[Your assignment]
Copy every line from the one that holds "Bow Pictures, Gifts" to the end of the records below, exactly and with nothing else, but without any pictures.

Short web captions
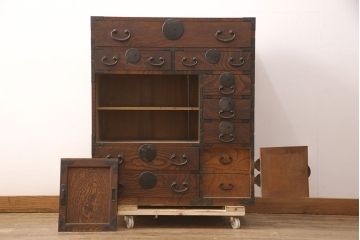 和製アンティーク　新潟県産　前面ケヤキ材　独特な杢目が目を引く見附帳場箪笥(時代箪笥、タンス、引き出し)(R-052400)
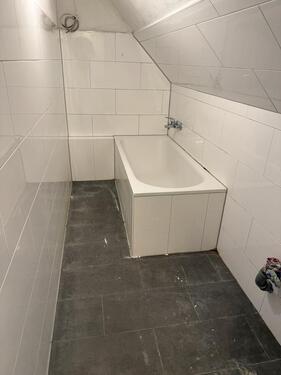 Foto - Duisburg Rheinhausen Markt DG 3,5 Z immer zu Vermiten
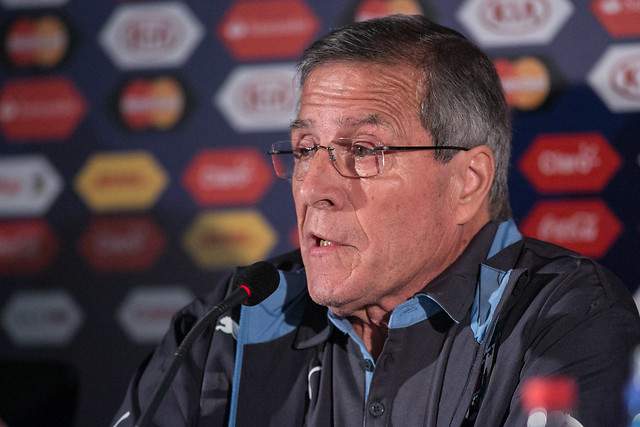 Copa América-Tabárez: "Espero que el equipo mejore en el torneo"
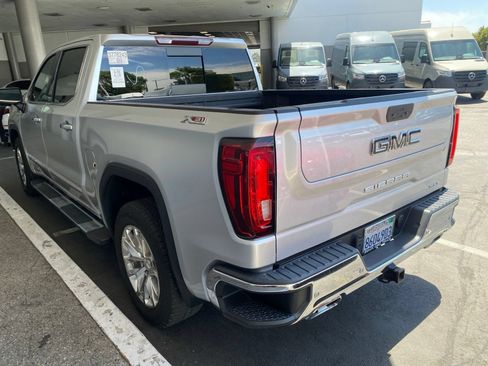 Used 2021 GMC Sierra 1500 SLT w/ SLT Premium Plus Package AWD/4WD image 4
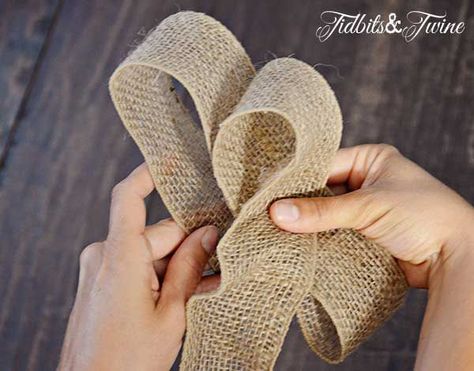 Bow Pictures, Gifts Pictures, Diy Tree Topper, Bow Making Tutorials, Gubahan Bunga, Fancy Bows, Diy Tree, Burlap Crafts, Bow Tutorial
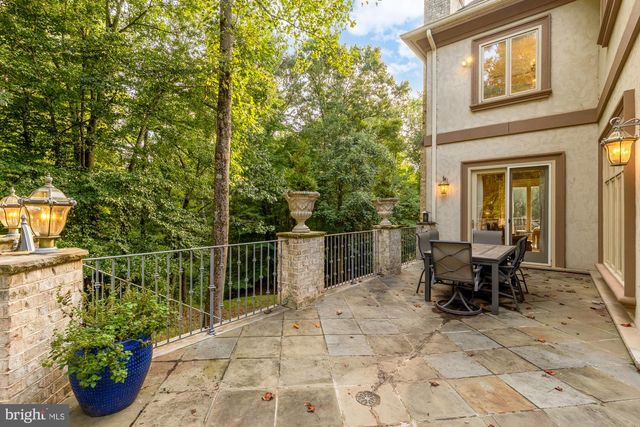 606 KENTLAND DR, Great Falls, VA 22066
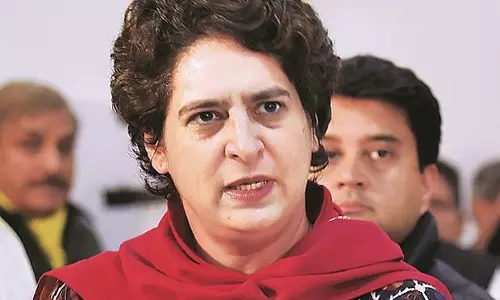 മനസ്സ് കേരളത്തിനൊപ്പം: ആശ്വാസവാക്കുകളുമായി പ്രിയങ്ക ഗാന്ധി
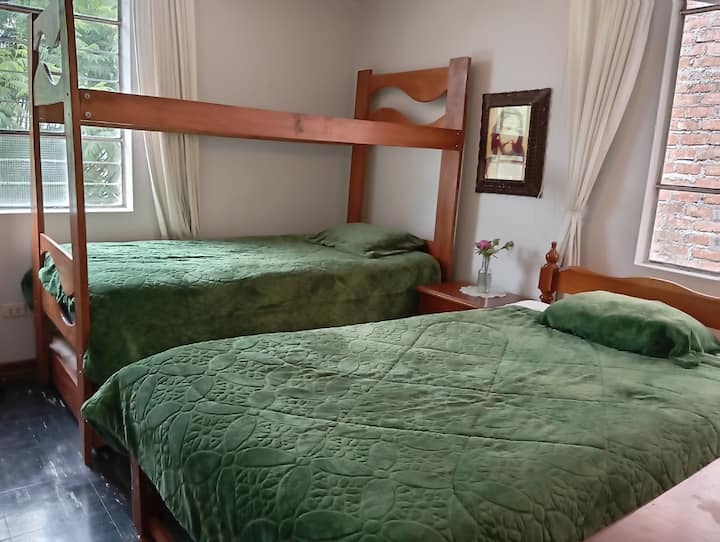 ห้องพัก 1 ห้องมีเตียง 2 หลังและเตียงเดี่ยว 1 หลัง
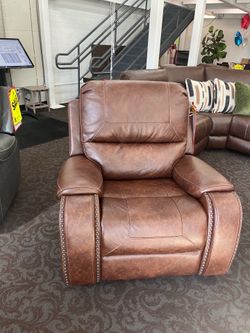 Swivel Recliner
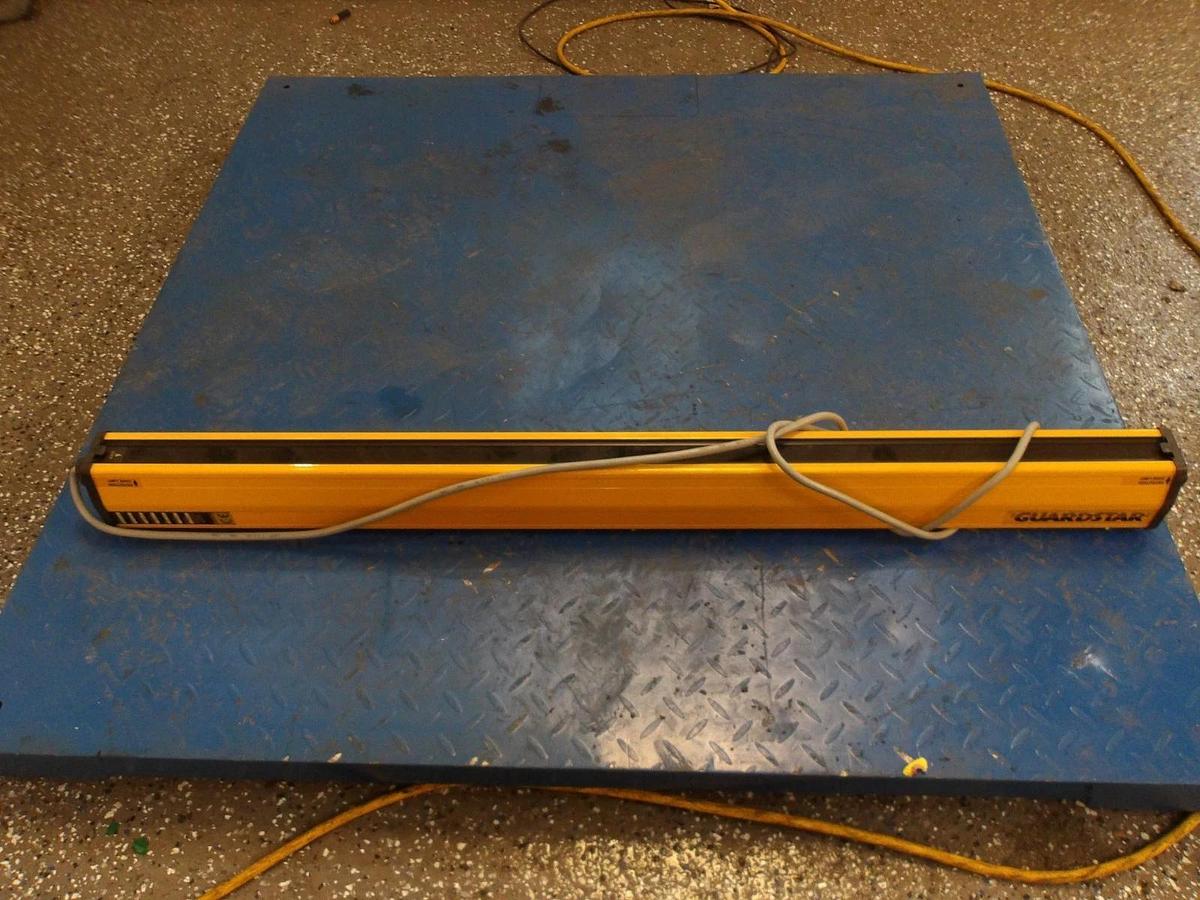 Used GUARDSTAR MRS102B LIGHT CURTAIN, #3131008G USED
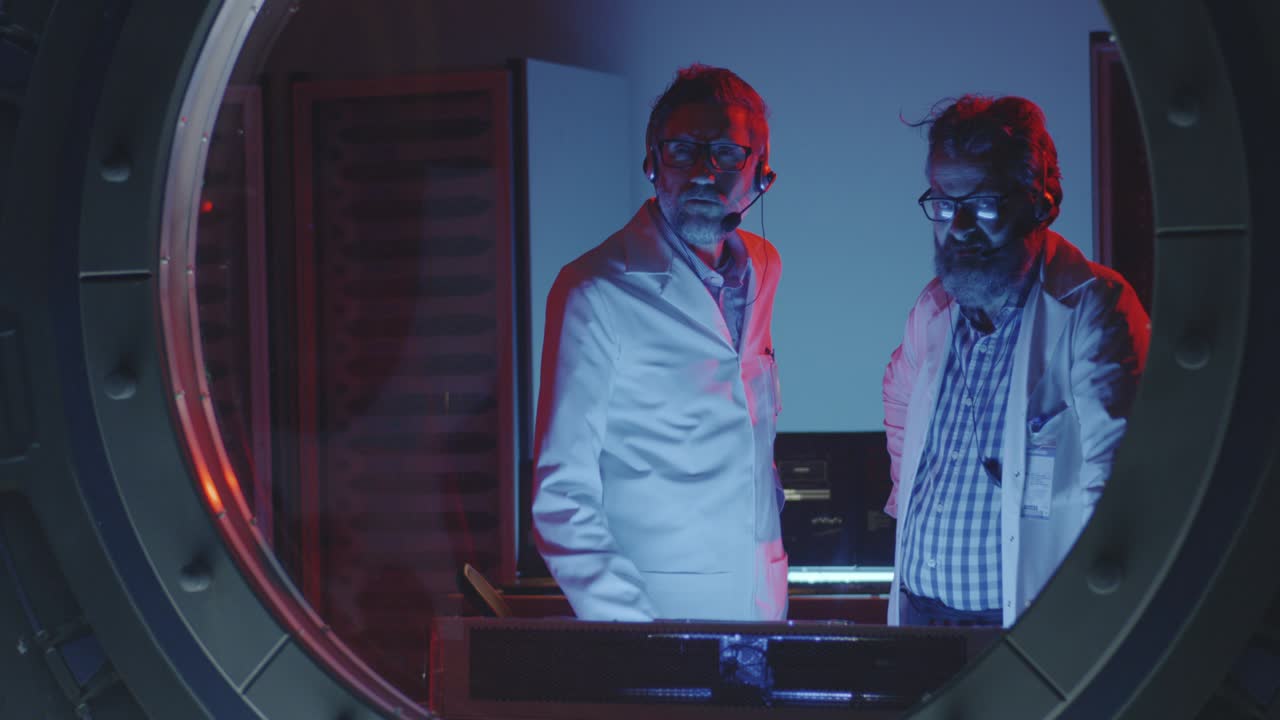 Científicos realizando una prueba en un laboratorio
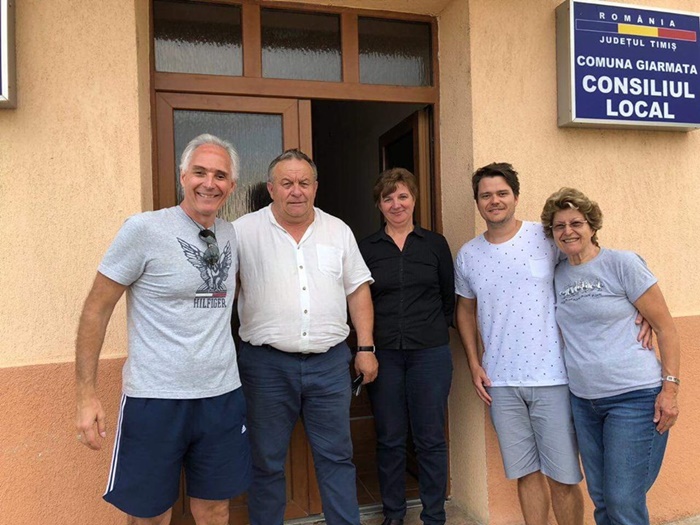 O familie de brazilieni a ajuns în Timiș pentru a-și descoperi originile. În Giarmata au găsit urmele străbunicilor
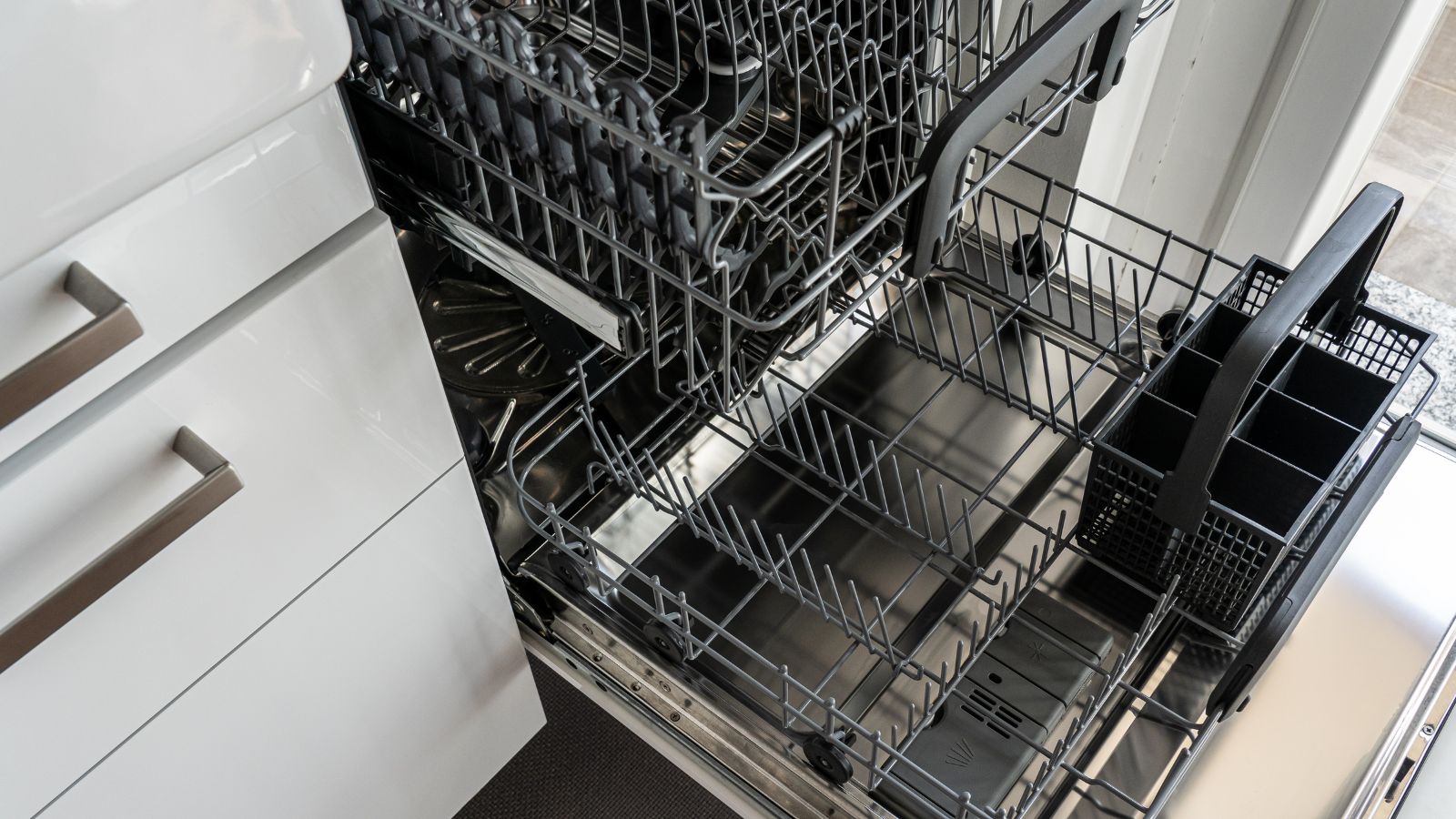 10 Things You Might Be Washing in the Dishwasher That You Shouldn’t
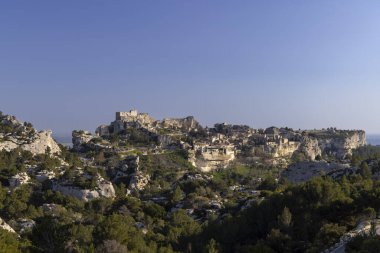 Ortaçağ şatosu ve köyü, Les Baux-de-Provence, Alpilles dağları, Provence, Fransa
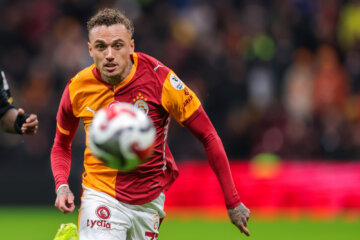 Noa Lang in het shirt van Galatasaray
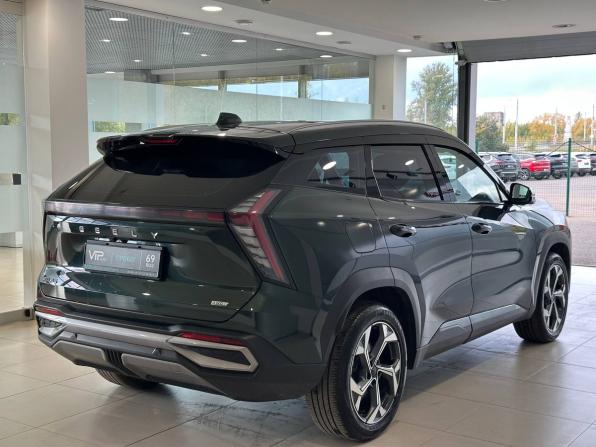 Geely Atlas II с пробегом 2024 года, цена 2 977 000 рублей, 39793 км, внедорожник, Автокод Объявления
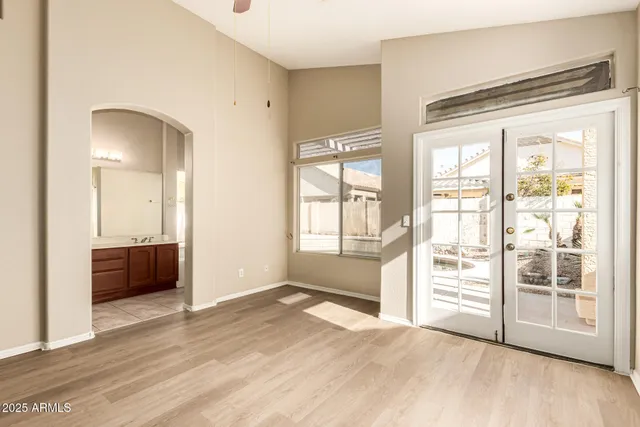 $2,395 | 16617 South 14th Street, Phoenix, AZ 85048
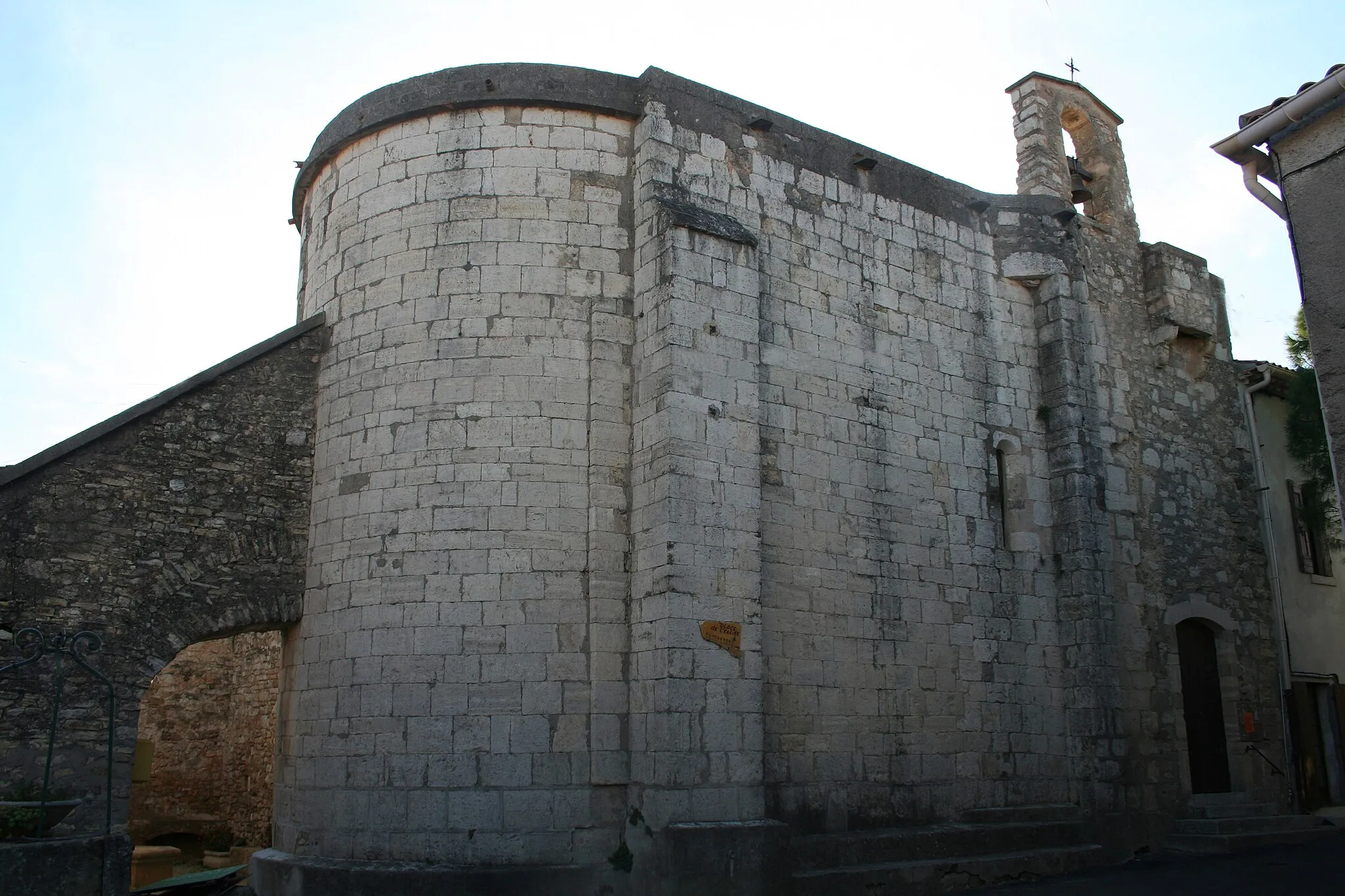 Photo showing: Aumelas (Hérault) - hameau de Cabrials - église St-Pierre-et-St-Paul (XIIe-XVIIIe siècles). Style roman.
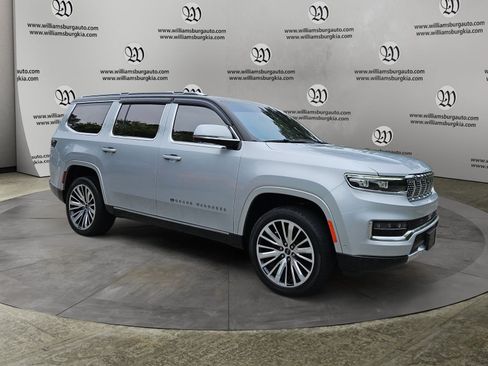 Used 2022 Jeep Grand Wagoneer Series III AWD/4WD image 7
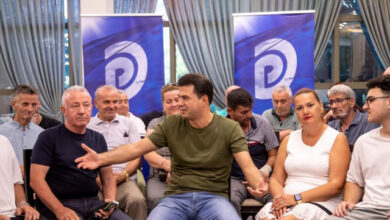 Tëhiqet nga “lufta” me Berishën apo e ka me Bardhin? Basha: Përballja brenda partisë duhet të marrë fund Tëhiqet nga “lufta” me Berishën apo e ka me Bardhin? Basha: Përballja brenda partisë duhet të marrë fund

[Exercise answer]
 Bow Pictures, Gifts Pictures, Diy Tree Topper, Bow Making Tutorials, Gubahan Bunga, Fancy Bows, Diy Tree, Burlap Crafts, Bow Tutorial
 606 KENTLAND DR, Great Falls, VA 22066
 മനസ്സ് കേരളത്തിനൊപ്പം: ആശ്വാസവാക്കുകളുമായി പ്രിയങ്ക ഗാന്ധി
 ห้องพัก 1 ห้องมีเตียง 2 หลังและเตียงเดี่ยว 1 หลัง
 Swivel Recliner
 Used GUARDSTAR MRS102B LIGHT CURTAIN, #3131008G USED
 Científicos realizando una prueba en un laboratorio
 O familie de brazilieni a ajuns în Timiș pentru a-și descoperi originile. În Giarmata au găsit urmele străbunicilor
 10 Things You Might Be Washing in the Dishwasher That You Shouldn’t
 Ortaçağ şatosu ve köyü, Les Baux-de-Provence, Alpilles dağları, Provence, Fransa
 Noa Lang in het shirt van Galatasaray
 Geely Atlas II с пробегом 2024 года, цена 2 977 000 рублей, 39793 км, внедорожник, Автокод Объявления
 $2,395 | 16617 South 14th Street, Phoenix, AZ 85048
 Photo showing: Aumelas (Hérault) - hameau de Cabrials - église St-Pierre-et-St-Paul (XIIe-XVIIIe siècles). Style roman.
 Used 2022 Jeep Grand Wagoneer Series III AWD/4WD image 7
 Tëhiqet nga “lufta” me Berishën apo e ka me Bardhin? Basha: Përballja brenda partisë duhet të marrë fund Tëhiqet nga “lufta” me Berishën apo e ka me Bardhin? Basha: Përballja brenda partisë duhet të marrë fund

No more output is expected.